Material for the task ▸
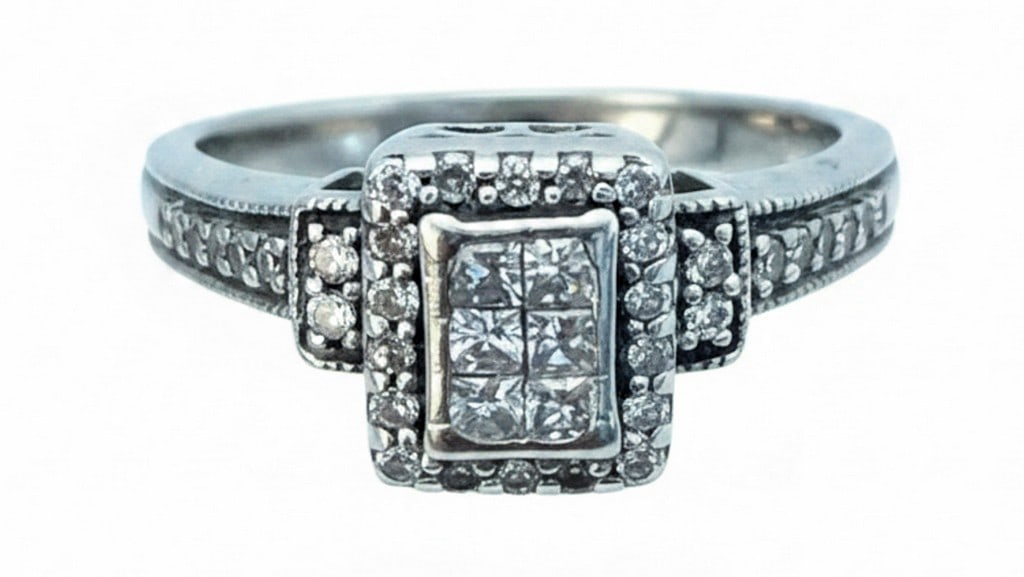 Sterling Silver and Diamond Accent Square Cluster Ring: This elegant ring features a square cluster of diamond accents set in sterling silver. The central square is surrounded by additional diamond accents on the shoulders, creating a sparkling and
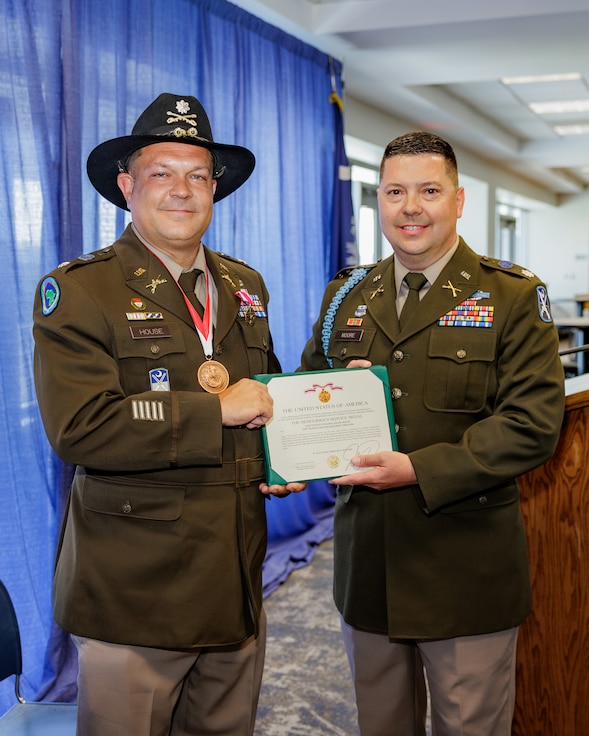 retirement ceremony holding retirement certificate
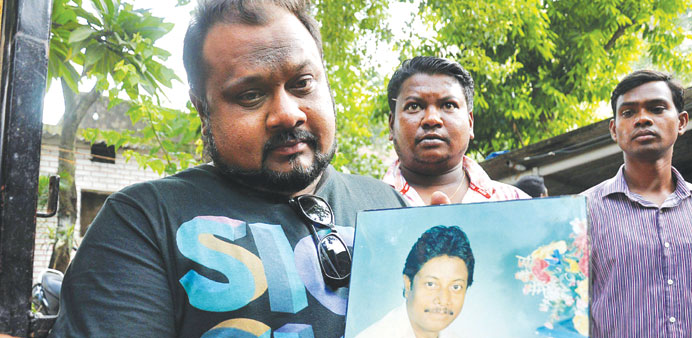 Relatives show a picture of Superintendent of Police Amarjeet Balihar who was killed in a Maoist attack, in Ranchi yesterday.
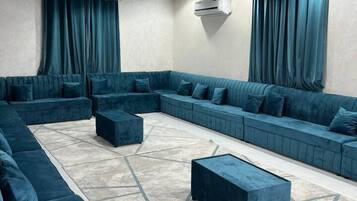 A modern lounge area with a sectional sofa, ottomans, and a patterned rug.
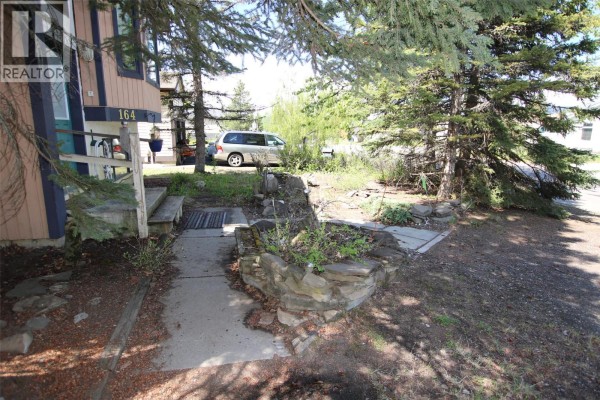 Front entrance of a house with a walkway, trees, and a parked car. - 164 Bergeron Drive, Tumbler Ridge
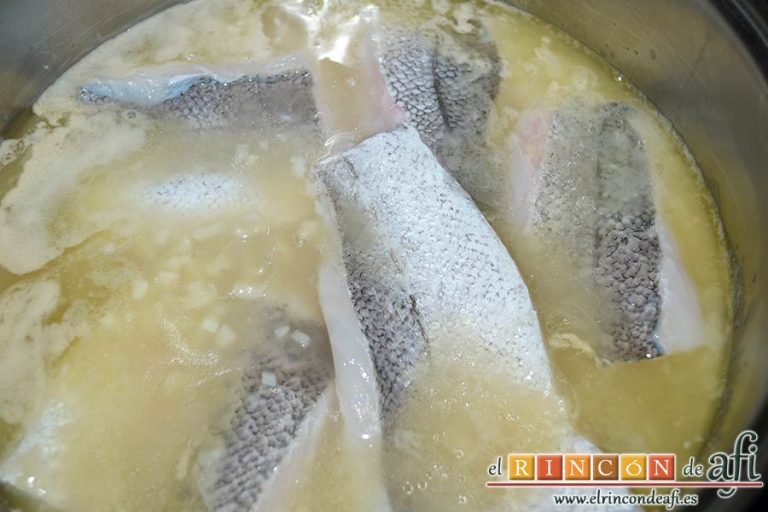 Filetes de merluza en salsa verde con almejas, añadir el pescado con la piel hacia arriba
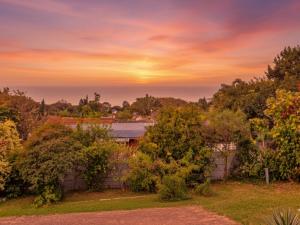 a sunset over a yard with trees and a fence at Da Vinci - Zur See in Ballito +1 photo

Task instructions ▸
Copy out the lines above in full and unaltered, apart from the pictures.

Expected answer ▸
 Sterling Silver and Diamond Accent Square Cluster Ring: This elegant ring features a square cluster of diamond accents set in sterling silver. The central square is surrounded by additional diamond accents on the shoulders, creating a sparkling and
 retirement ceremony holding retirement certificate
 Relatives show a picture of Superintendent of Police Amarjeet Balihar who was killed in a Maoist attack, in Ranchi yesterday.
 A modern lounge area with a sectional sofa, ottomans, and a patterned rug.
 Front entrance of a house with a walkway, trees, and a parked car. - 164 Bergeron Drive, Tumbler Ridge
 Filetes de merluza en salsa verde con almejas, añadir el pescado con la piel hacia arriba
 a sunset over a yard with trees and a fence at Da Vinci - Zur See in Ballito +1 photo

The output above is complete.